FairBatch: Batch Selection for Model Fairness
FairBatch addresses the problem of demographic disparity in machine learning models by providing an easy-to-adopt solution for practitioners, requiring only a single-line code change without modifying data preprocessing or model training.
This paper introduces FairBatch, a batch selection algorithm that uses bilevel optimization to adaptively select minibatch sizes to improve model fairness. It supports various fairness measures like equal opportunity and demographic parity, and achieves comparable or superior performance against state-of-the-art methods on synthetic and real datasets.
Training a fair machine learning model is essential to prevent demographic disparity. Existing techniques for improving model fairness require broad changes in either data preprocessing or model training, rendering themselves difficult-to-adopt for potentially already complex machine learning systems. We address this problem via the lens of bilevel optimization. While keeping the standard training algorithm as an inner optimizer, we incorporate an outer optimizer so as to equip the inner problem with an additional functionality: Adaptively selecting minibatch sizes for the purpose of improving model fairness.

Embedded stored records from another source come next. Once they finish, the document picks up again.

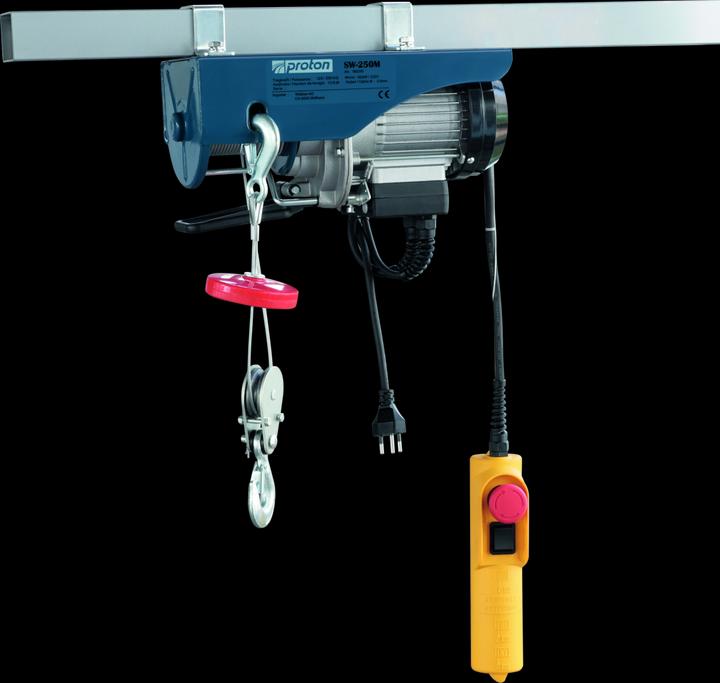 Produktbild Proton Seilwinde elektrisch SW-250M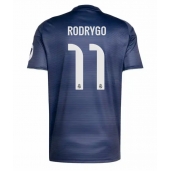 Real Madrid Rodrygo Goes #11 Uit tenue 2025-26 Korte Mouwen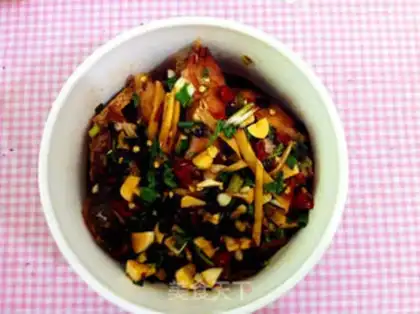 Make Low fat, cold fish step 5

Our batch selection algorithm, which we call FairBatch, implements this optimization and supports prominent fairness measures: equal opportunity, equalized odds, and demographic parity. FairBatch comes with a significant implementation benefit -- it does not require any modification to data preprocessing or model training. For instance, a single-line change of PyTorch code for replacing batch selection part of model training suffices to employ FairBatch. Our experiments conducted both on synthetic and benchmark real data demonstrate that FairBatch can provide such functionalities while achieving comparable (or even greater) performances against the state of the arts. Furthermore, FairBatch can readily improve fairness of any pre-trained model simply via fine-tuning. It is also compatible with existing batch selection techniques intended for different purposes, such as faster convergence, thus gracefully achieving multiple purposes.